Assignments will be posted here as we go along. Programming assignments should be completed using the Python programming language.
Assignments
Extra-Credit Movie Assignment
As an extra-credit assignment you can try to do something smarter/better with than our NB approach. There are a lot of things you could do here. You might for example experiment with a better classifier (maxent, svm, random forest, etc.) Or you might do some feature selection to get a better set of features for NB. The only stipulation is that the task stays the same.
Note that since the NB performance is quite high you will have difficulty getting a big improvement here on accuracy. Other improvements might involve creating smaller models that do just as well. Or using vastly smaller amounts of training data to get the same effect.
I'll provide an additional test set for this part of the assignment.

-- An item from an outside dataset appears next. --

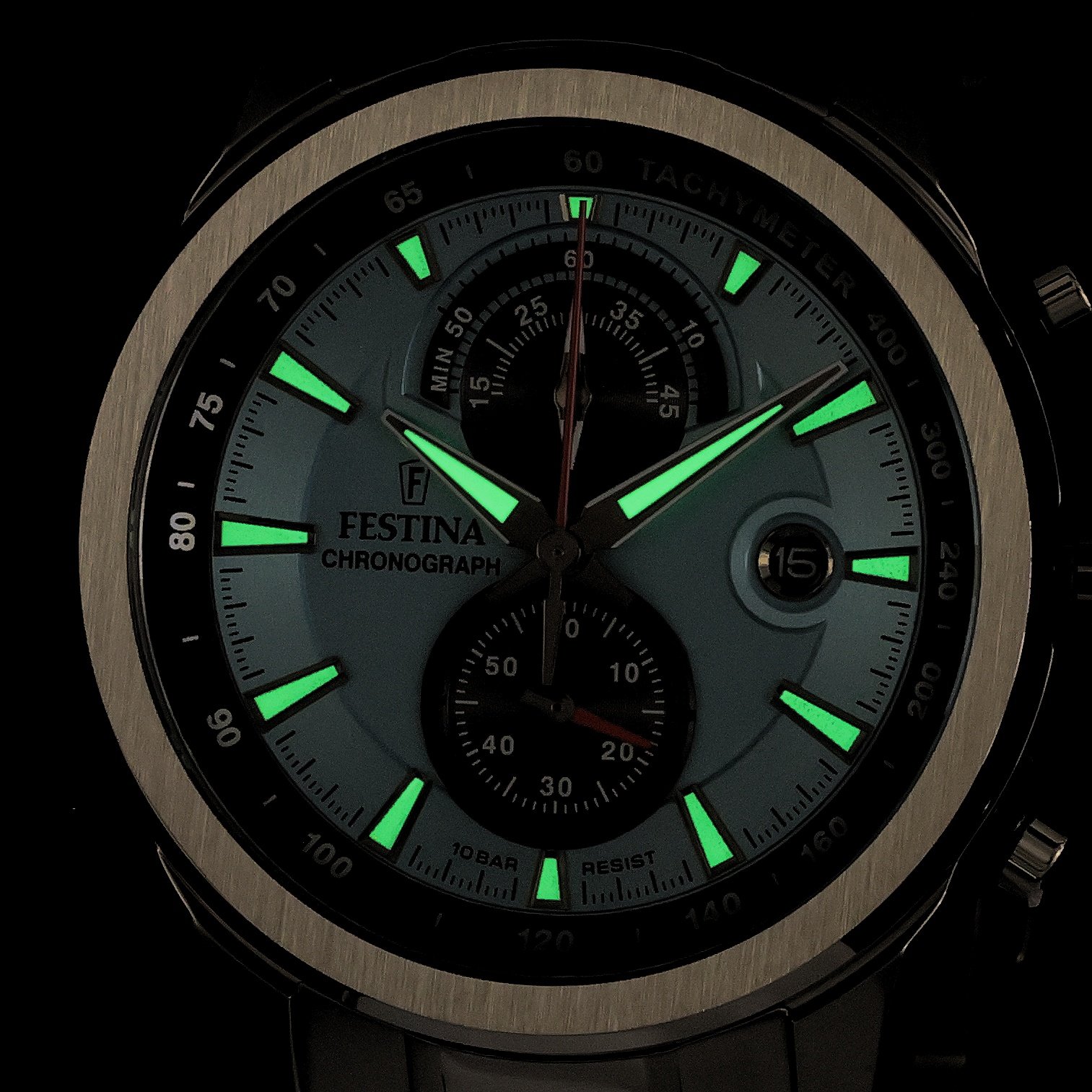 Festina F20694-2 zegarek srebrny sportowy Timeless Chronograph bransoleta - miniatura 5
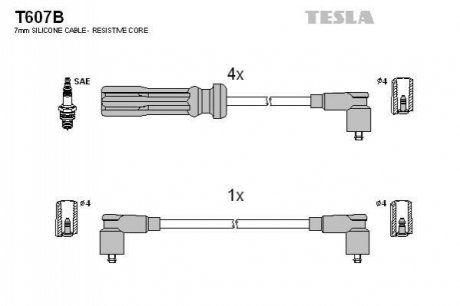 T607B TESLA Комплект кабелiв запалювання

Assignment 3: Sentiment via Naive Bayes
Your assignment is to implement a Naive Bayes classifier to determine the polarity behind a movie review. By Naive Bayes, I have in mind the the method described as Multinomial NB in the Manning et al. chapter. Note that even within this approach there are a lot of issues/parameters at play. You'll have to explore them to get reasonable performance on this data.
I am providing as training data a set of 1000 (500 positive/500 negative) movie reviews. The data is divided into 2 sub-directories (pos and neg). Each directory contains 500 plain text files each containing a single movie review. These reviews range from short paragraphs to multiple pages in length. The text has been downcased (unfortunately) and tokenized by spaces (all tokens including punctuation are space separated).
Your system will be evaluated on a withheld test set that I will supply (which will also have a 50/50 split). Given a directory of files containing reviews your system should output (one per line) the filename of the file being processed followed by a <tab> and a + or - indicating a positive or negative review.
What to Hand In
You should mail to the csci5832@gmail.com address, a gzipped tar file consisting of your code for the assignment, a short text writeup of what you did, and a plain text output file for the test instances that I will provide. Include in your writeup a description of your development training process and you're predicted performance.
This is due by 5pm on Monday May 2.
Assignment 2: Probabilistic Hashtag Segmentation
Your task in this assignment is to improve the performance of the deterministic methods you used in Assignment 1 through the use of a probabilistic language model (the details of what you try are up to you).
Your primary resource in tackling this problem is a large list of bigrams, with frequency counts, derived from the Google N-gram corpus. The most obvious approach is to use these counts to derive a bigram language model and then use that model to find the most probable segmentation given some hashtag.
Improving performance in this context, means reducing the error rate from the previous HW, where error rate is WER (length normalized minimum edit distance).
How much credit you get for this will be based in large part on how much your system improves things (reduces WER) and how complete/clever you were in your approach. Note that I am specifically interested in approaches that employ a probabilistic language model.
This assignment is due on Thursday, February 24.